··· Exercise data

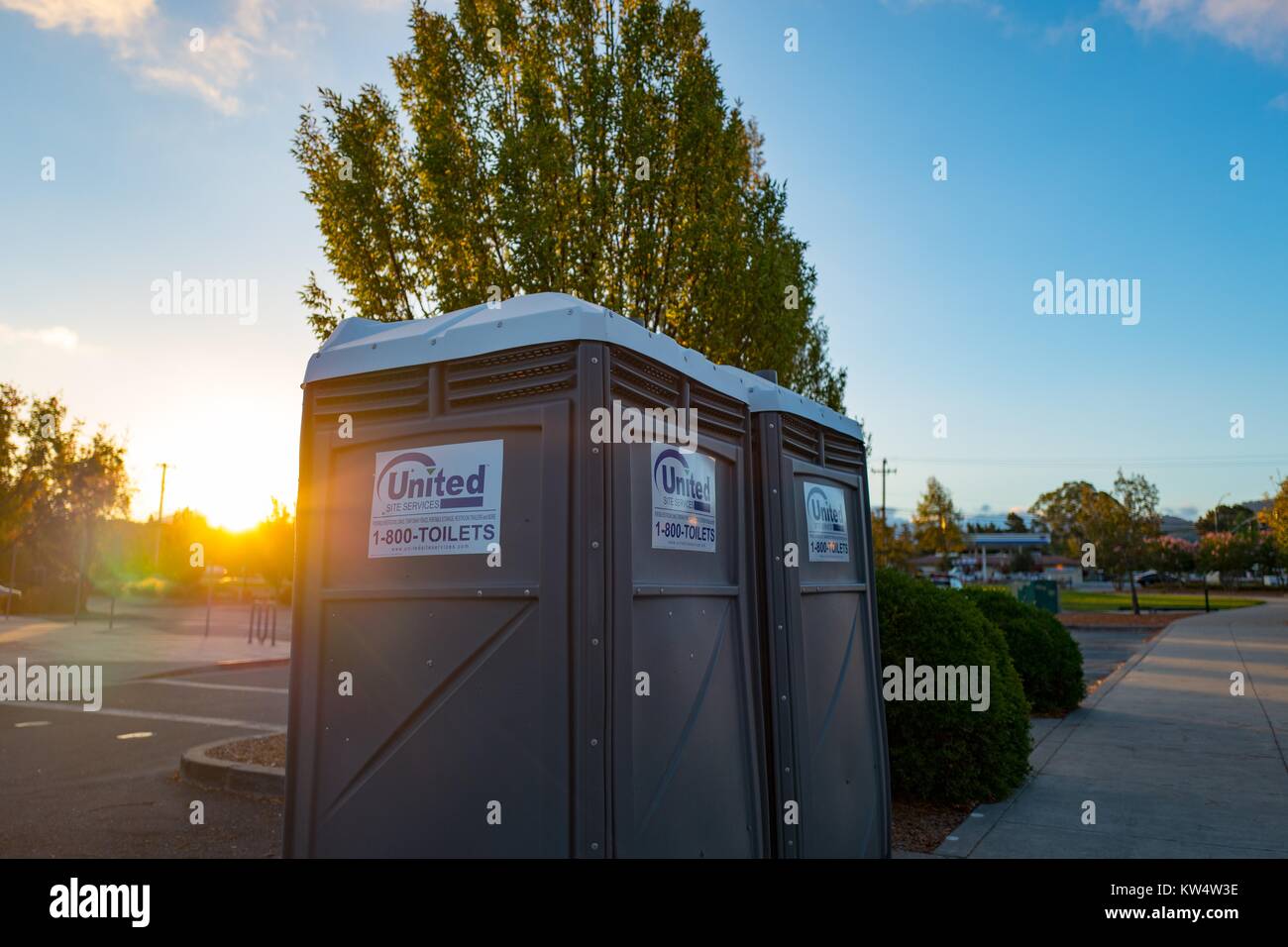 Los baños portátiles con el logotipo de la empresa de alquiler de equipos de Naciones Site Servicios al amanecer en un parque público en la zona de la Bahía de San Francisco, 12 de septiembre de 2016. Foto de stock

······
··· Exercise data

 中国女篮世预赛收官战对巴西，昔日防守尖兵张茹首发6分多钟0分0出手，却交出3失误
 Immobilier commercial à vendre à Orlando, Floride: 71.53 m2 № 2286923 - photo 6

······
··· Exercise data

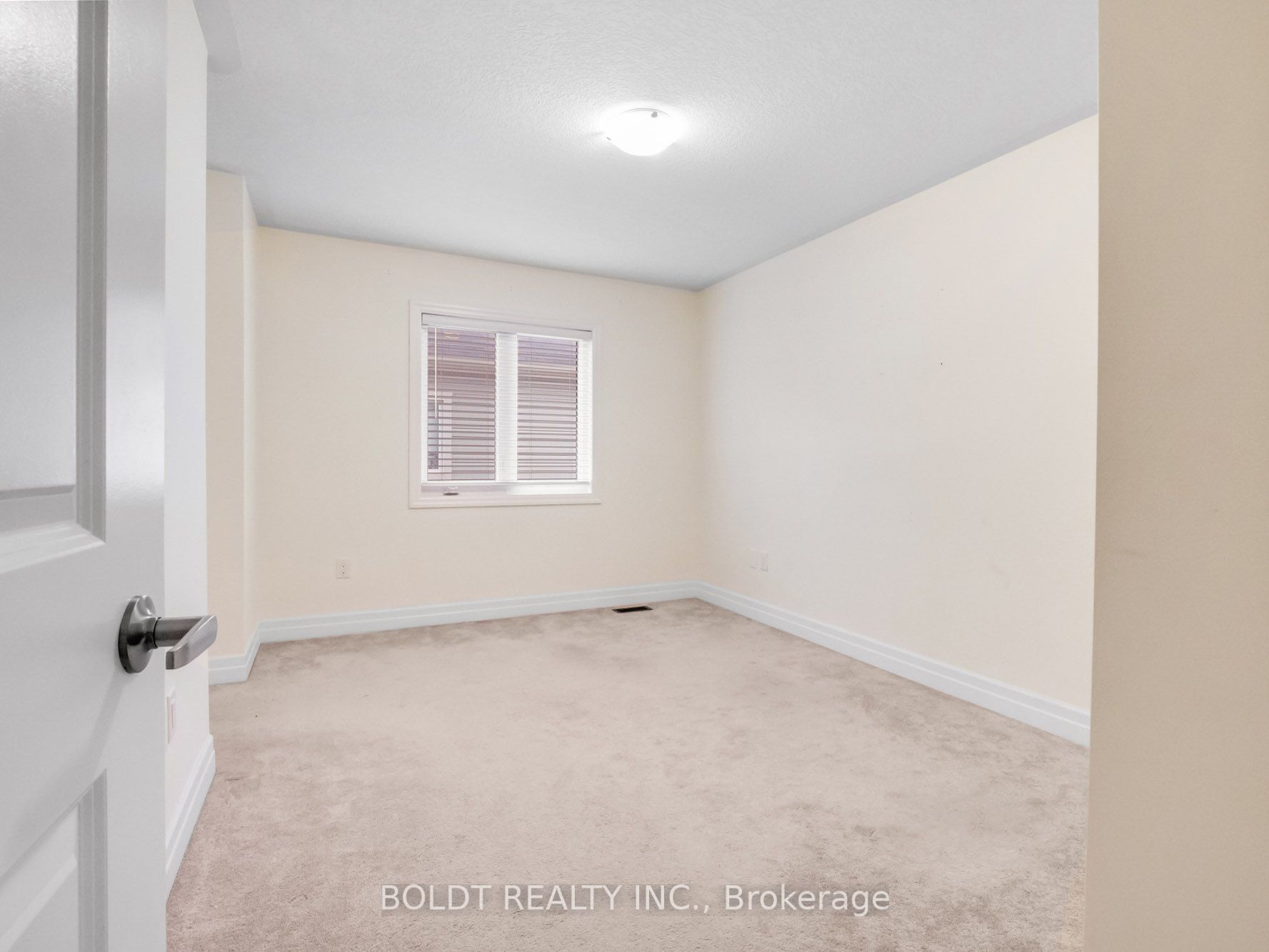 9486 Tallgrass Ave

······

## Your task
Only the lines from the one containing "中国女篮世预赛收官战对巴西，" through the one containing "Immobilier commercial à" are to be retyped, both boundary lines included, with no other material.

## Written response
 中国女篮世预赛收官战对巴西，昔日防守尖兵张茹首发6分多钟0分0出手，却交出3失误
 Immobilier commercial à vendre à Orlando, Floride: 71.53 m2 № 2286923 - photo 6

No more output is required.